With those numbers in mind, we can do some quick and dirty math here. If the $1.1B fund is "about half" deployed – let's call it $500M to make it easy – and the book value of those holdings is up 4x, that's $2B. If Meta is acquiring "up to 49%" – again, let's call it 50% to keep it simple – that's $1B that they're likely paying for the stakes. And it's also stated that the fund won't make new investments, so they're presumably returning that remaining $500M to LPs. So that's $1.5B returned on the $500M invested, with $500M (currently marked up 4x) still riding. A nice, quick and clean return for investors with good upside potential left!

Also, assuming Gross and Friedman got a slight premium on the "2 & 20" model, let's guess they have 2.5/25 terms on the fund. That means they would likely get 25% of $500M (the profit of the fund after $500M deployed is fully paid back to LPs, and the unused $500M is returned). That's $62.5M each (minus any carry they gave to others helping with the fund) for a couple years worth of work, not bad. And they still have the upside on the money left riding too – which is now in carry and again, marked up 4x on paper... So that's another $250M worth of carry as it stands right now — each.

And presumably Meta added some sweeteners on top of the above to get them to walk away from their fund. A "Godfather" offer perhaps?...

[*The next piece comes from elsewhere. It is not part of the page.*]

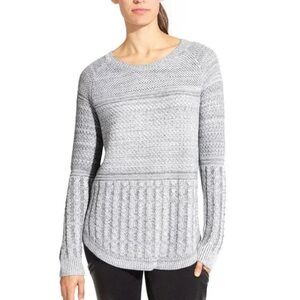 Athleta Borealis Cable Knit Wool Blend Sweater in gray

And how's this for awkward: that fund's crown jewel? Safe Superintelligence.


👇
Previously, on Spyglass...
$100M AI Signing Bonuses
Exaggeration, conflation, a game of Telephone, directional accuracy, brinksmanship, or all of the above?
Meta’s $10B+ AI Reset
Zuckerberg recruits a band of pirates to shake up and wake up their AI efforts – including a new don’t-call-it-a-deal for Scale AI talent…
Hackquisitions & Hackquihires
A look at Meta’s Scale deal in relation to other such deals…
Meta Hackquires a VC Fund
“Team Superintelligence” continues to assemble at Meta, but it’s getting even more awkward…
Meta’s Open Source AI Mistake
The writing isn’t just on the wall for Llama, it’s on the new paychecks…

1 With a special shout-out to Google as 5 worked there at some point, which continues the narrative that modern AI was very much born at Google but they let aspects slip away.

2 And it doesn't include the three OpenAI employees moving over that were previously announced/reported. So that's... 10 from OpenAI alone.

3 The fact that Zuck states that Friedman will "define his role going forward" – not to mention the sloppiness of the whole "lead" and "partner to lead" element for Wang and Friedman around MSL suggests this was all a bit rushed. And that may lend credence to Gross' deal simply not being done. We'll see.